Correct. But you don't need the absolute value.

anomalousdecay · Jun 29, 2013

Re: MX2 Integration Marathon

braintic said:
Correct. But you don't need the absolute value.

In HSC you don't need it. But absolute value is most correct.

Makematics · Jun 29, 2013

Re: MX2 Integration Marathon

anomalousdecay said:
In HSC you don't need it. But absolute value is most correct.

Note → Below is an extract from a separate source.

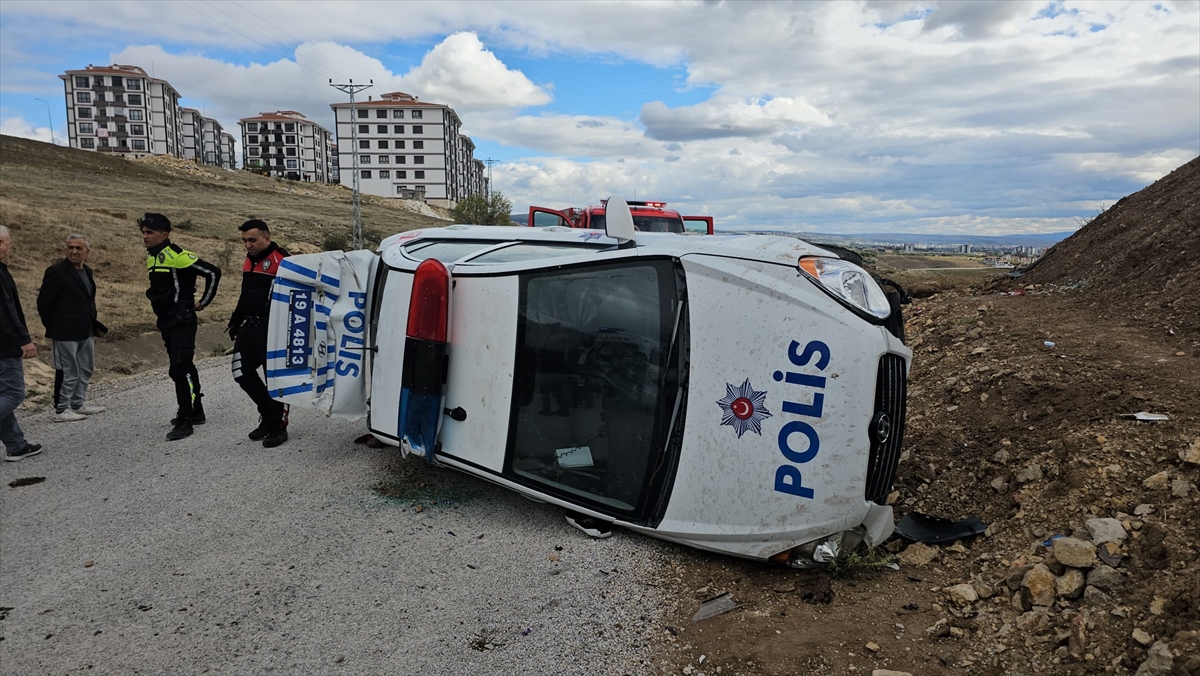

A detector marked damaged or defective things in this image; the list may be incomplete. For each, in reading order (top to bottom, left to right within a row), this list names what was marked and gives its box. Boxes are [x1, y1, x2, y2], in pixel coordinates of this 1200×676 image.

overturned police vehicle [268, 201, 908, 564]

yeah i'm pretty sure they accept either in the hsc.

braintic · Jun 29, 2013

Re: MX2 Integration Marathon

anomalousdecay said:
In HSC you don't need it. But absolute value is most correct.

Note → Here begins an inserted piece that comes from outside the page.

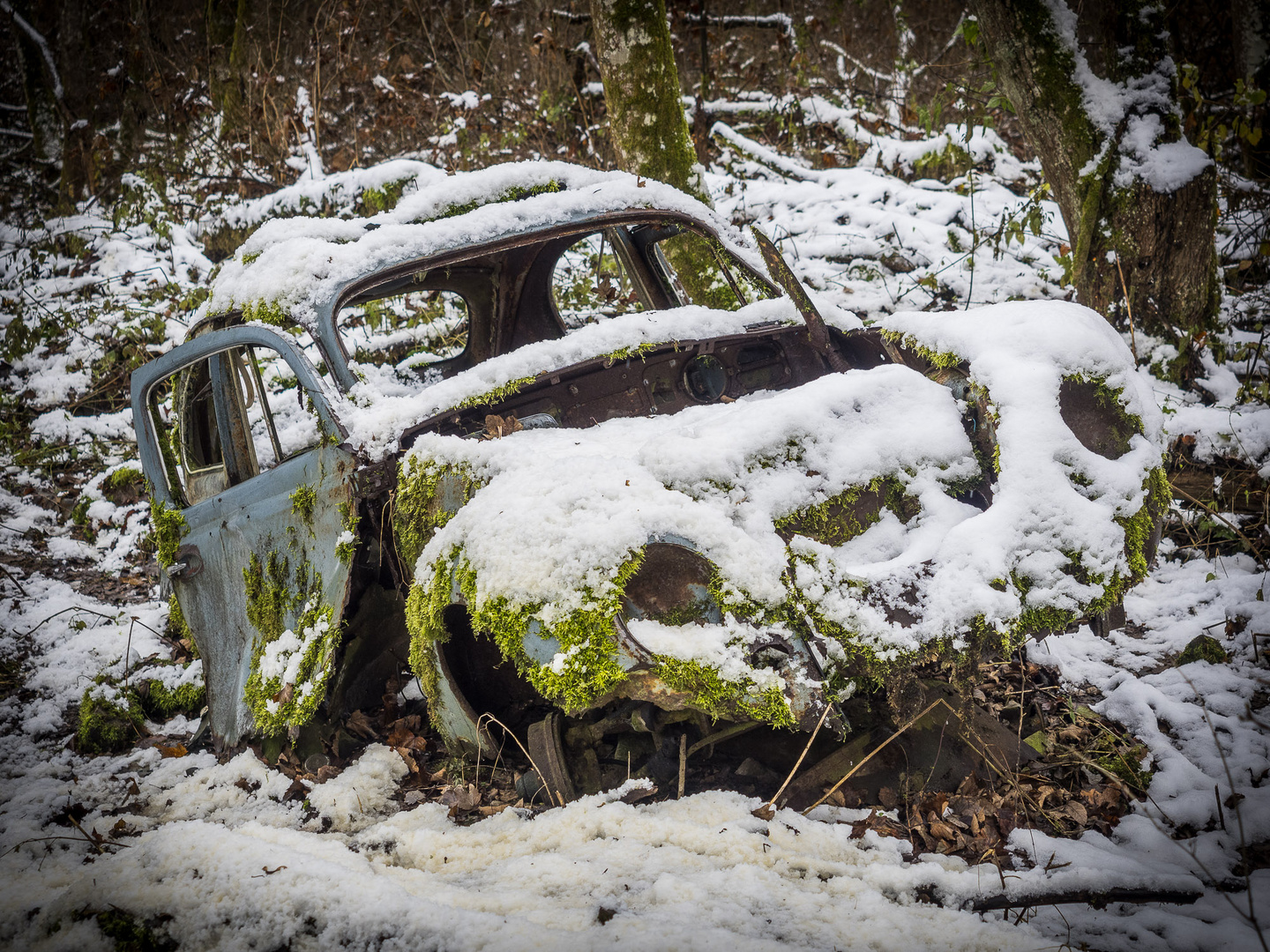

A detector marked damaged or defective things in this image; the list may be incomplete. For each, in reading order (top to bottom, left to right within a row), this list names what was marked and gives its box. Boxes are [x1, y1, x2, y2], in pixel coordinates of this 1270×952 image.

No, I mean you don't need the absolute value in THIS question, whether or not the HSC generally requires it. The thing you are trying to find the absolute value of CANNOT be negative.

asianese · Jun 29, 2013

Re: MX2 Integration Marathon

$\int \dfrac{\mathop{\mathrm{d}x}}{\sin \left(x-\frac{\pi}{3}\right)\cos x}$

Sy123 · Jun 29, 2013

Re: MX2 Integration Marathon

Makematics said:
It is likely that I made a mistake but here goes... Also I skipped a few steps (IBP of sec^3theta dtheta) to save some time.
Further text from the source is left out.